With Plus Ultra we are continuing to develop the ideas that we approached in our previous work, Burning Mountains that Spew Flame, mixing fiction and experimentation through the emergence of subtle traces of narrative traversing the immersive experience that we aim to create. On this occasion we set our sights on historical fiction speculating on the relationships between mythology and political fictions that subsume our collective imagination, so we can question the meaning of progress and the symbols that are used in an attempt to construct our identity.
“Plus Ultra” is the slogan of the Spanish state. Today, it continues to adorn the country’s coat of arms. At the beginning it was introduced as a way of furthering the “intrepid” spirit and work of the conquistadores who had devastated the New World. The alleged great feats of this conquest, or “discovery” as it is known, continue to be extolled in the Old World by an endless collection of symbols. The Canary Islands were the last piece of land that Christopher Columbus’ sailors set foot upon before arriving in America. At that time the islands were in the middle of being colonized and the native people were still resisting the Spanish mainlanders. It was not only supplies that these men carried off from the islands; they took new techniques with them as well. The Canary Islands were the testing ground where many of the strategies later used by the conquistadores in the Americas were developed. These martial techniques led to the complete disappearance of the aboriginal inhabitants of the Canary Islands. Today, their mummies, shown at the beginning of our film, are the only who bear witnesses to that time. They remind us that there can be no document of civilization, which is not at the same time a document of barbarism.
To this end, we head to an exuberantly ungovernable territory on the island of Tenerife: the Anaga mountains. Here the aboriginal Guanche resistance was nearly invincible due to the specific orography of the area: a labyrinth of cliff and mountain where perceptions of time and space are shattered. This battle took place in 1492, the year of the “discovery”.

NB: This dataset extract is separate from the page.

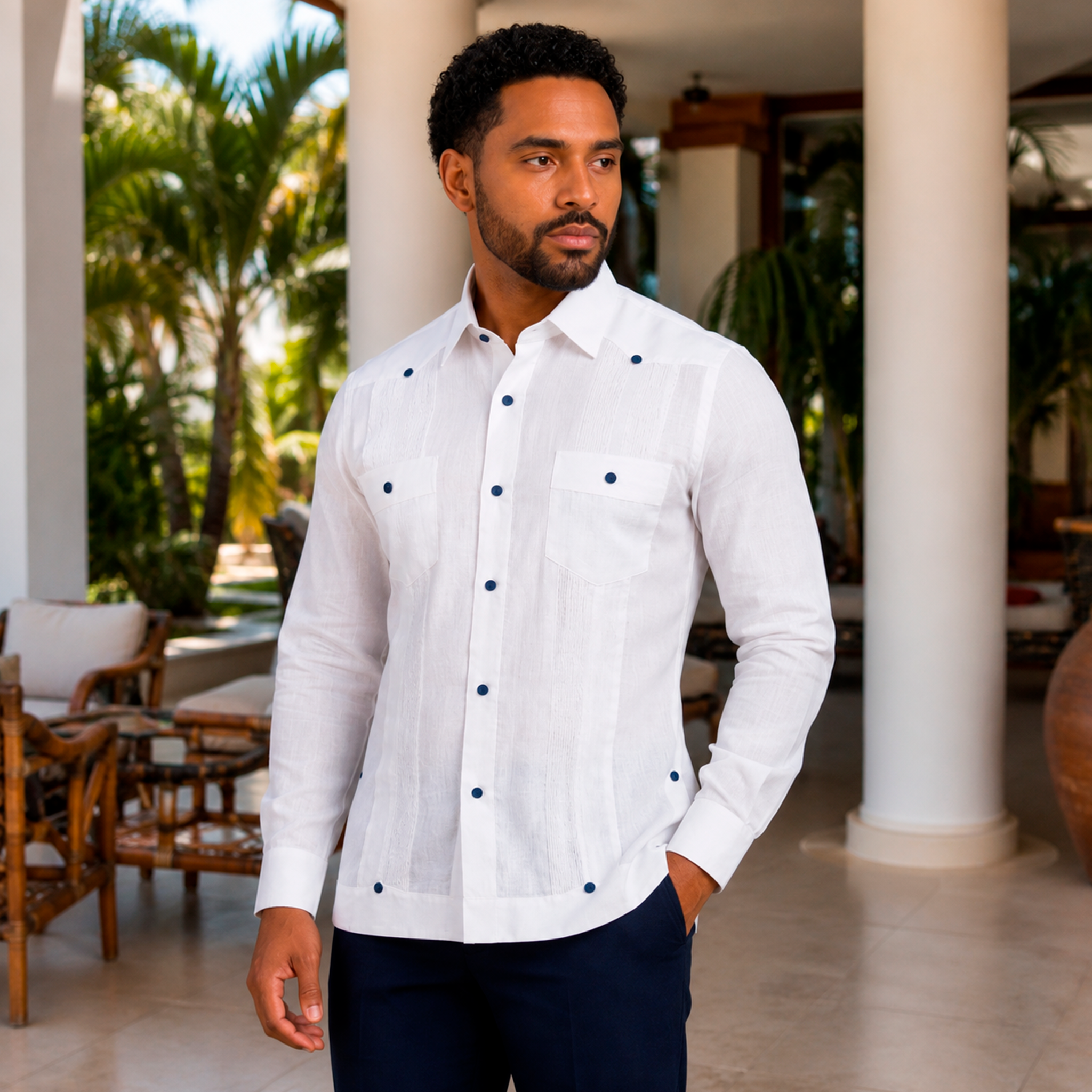 White Linen Luxury Chacabana – Modern Dominican Guayabera Shirt-3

We use fiction in our approach to this project because we find it to be the best way to construct a reference to the historical fiction that sustains many of Europe’s fundamental myths. In the encounters between the sailors, who carry an ambiguous object, ¬—it may be the sail from one of the Conquistador’s ships or possibly the remnants of an aboriginal mummy— and the three women, our aim is to create a reference to the demonization of women as seen in the witch hunts, acts which were supported, economically, by the riches plundered in the Americas. To this end, and backed by the theories of Silvia Federici, we intend to subvert these deeds; in our case the women remain and the men disappear, thus fighting the fiction of capitalist progress with a liberatory fiction.